I began all the work of disabling this “feature” but it seemed like a fruitless task. Also worth noting, Google Maps for iOS keeps Location History as well.

Friday, March 30th, 2018

Facebook Container Extension: Take control of how you’re being tracked | The Firefox Frontier

A Firefox plugin that ring-fences all Facebook activity to the facebook.com domain. Once you close that tab, this extension takes care of garbage collection, ensuring that Facebook tracking scripts don’t leak into any other browsing activities.

Wednesday, March 7th, 2018

Measuring the Hard-to-Measure – CSS Wizardry

Everything old is new again—sometimes the age-old technique of using a 1x1 pixel image to log requests is still the only way to get certain metrics.

While tracking pixels are far from a new idea, there are creative ways in which we can use them to collect data useful to developers. Once the data is gathered, we can begin to make much more informed decisions about how we work.

Monday, February 26th, 2018

as days pass by — Collecting user data while protecting user privacy

Really smart thinking from Stuart on how the randomised response technique could be applied to analytics.
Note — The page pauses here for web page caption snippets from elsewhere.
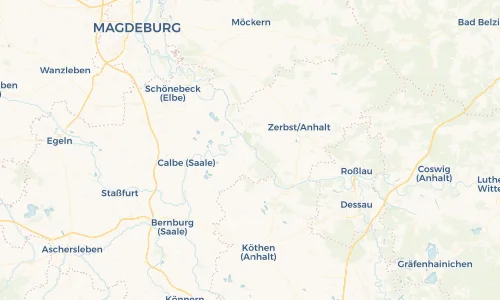 Regenradar Vorschaubild - Aktuelle Niederschläge in Breitenhagen und Umgebung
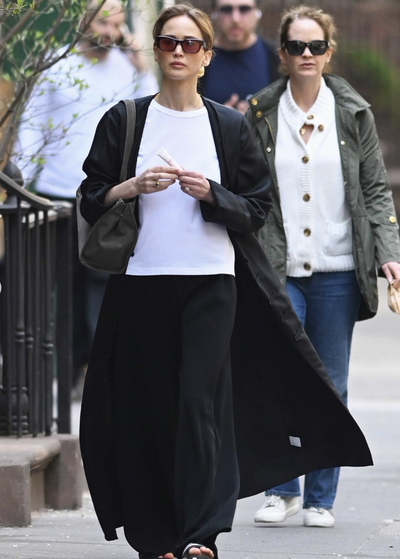 This "Dated" Shoe Trend Is Back Thanks to Jennifer Lawrence and It's Changing Streetwear Trends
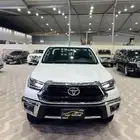 تويوتا هايلوكس 2022 سعودي فل كامل بنزين ماشي 47 الف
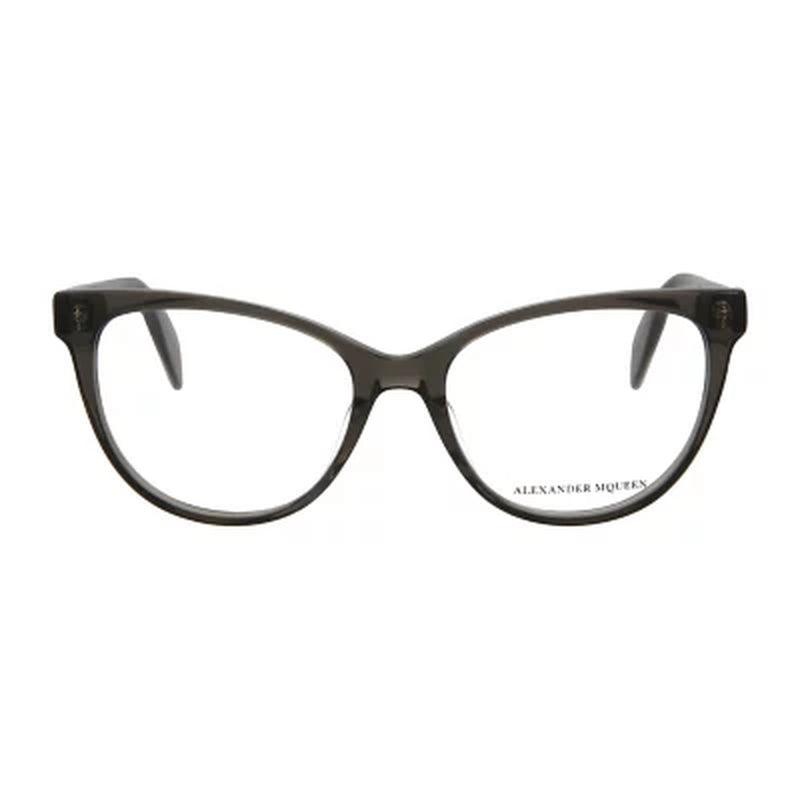 Alexander Mcqueen AM0114O Eyewear, Grey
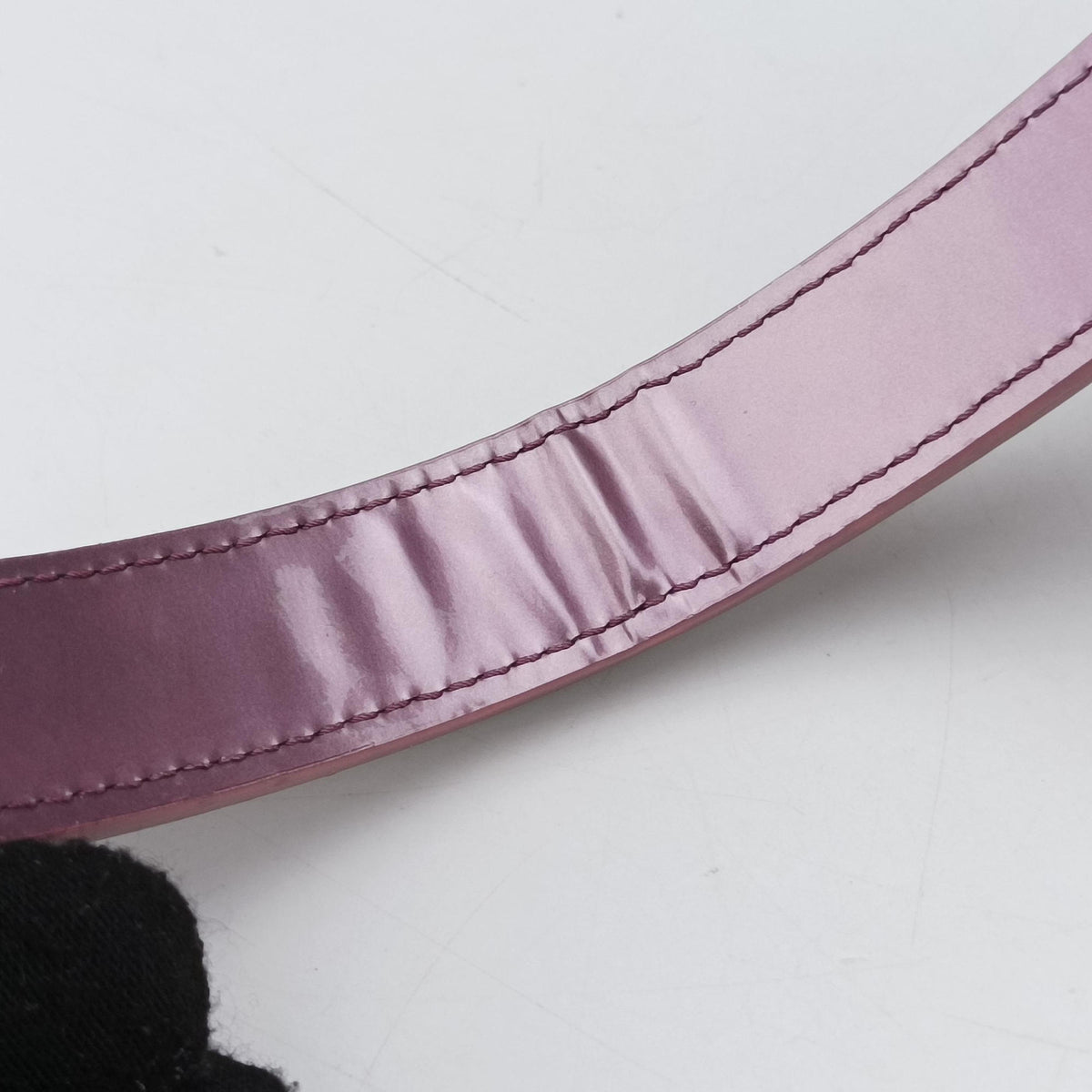 Secondhand Christian Dior Diorama Pink Patent  shoulderbag | stylenewstar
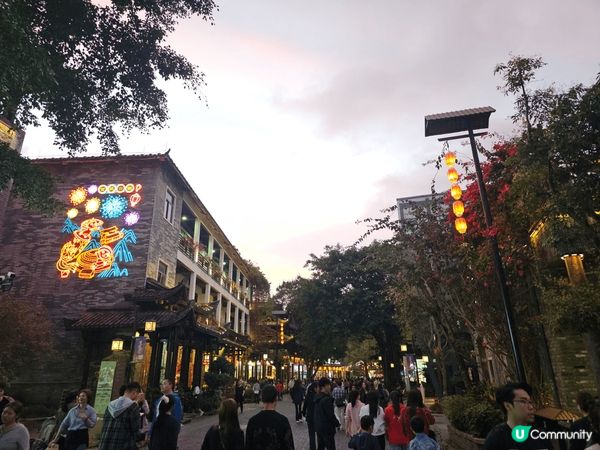 甘坑古鎮位於廣東省龍崗區，是一個結合了歷史文化與自然風光的小...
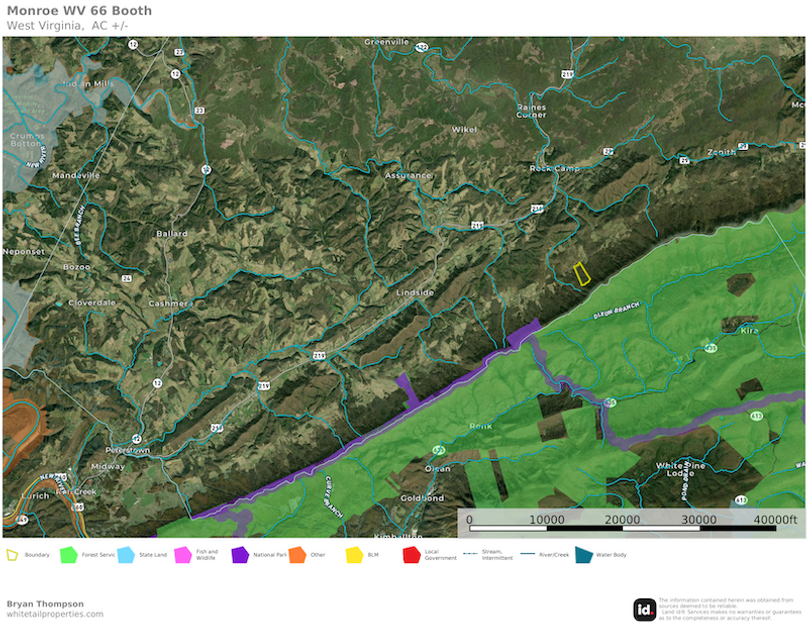 Monroe WV 66.67 Aerial01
My only question is who exactly does the implementation.

The key point here is that, if you’re collecting data about a load of users, you’re usually doing so in order to look at it in aggregate; to draw conclusions about the general trends and the general distribution of your user base. And it’s possible to do that data collection in ways that maintain the aggregate properties of it while making it hard or impossible for the company to use it to target individual users. That’s what we want here: some way that the company can still draw correct conclusions from all the data when collected together, while preventing them from targeting individuals or knowing what a specific person said.

Saturday, February 17th, 2018

Chrome’s default ad blocker strengthens Google’s data-driven advertising platforms

From a consumer’s point of view, less intrusive ad formats are of course desirable. Google’s approach is therefore basically heading in the right direction. From a privacy perspective, however, the “Better Ads” are no less aggressive than previous forms of advertising. Highly targeted ads based on detailed user profiles work subtle. They replace aggressive visuals with targeted manipulation.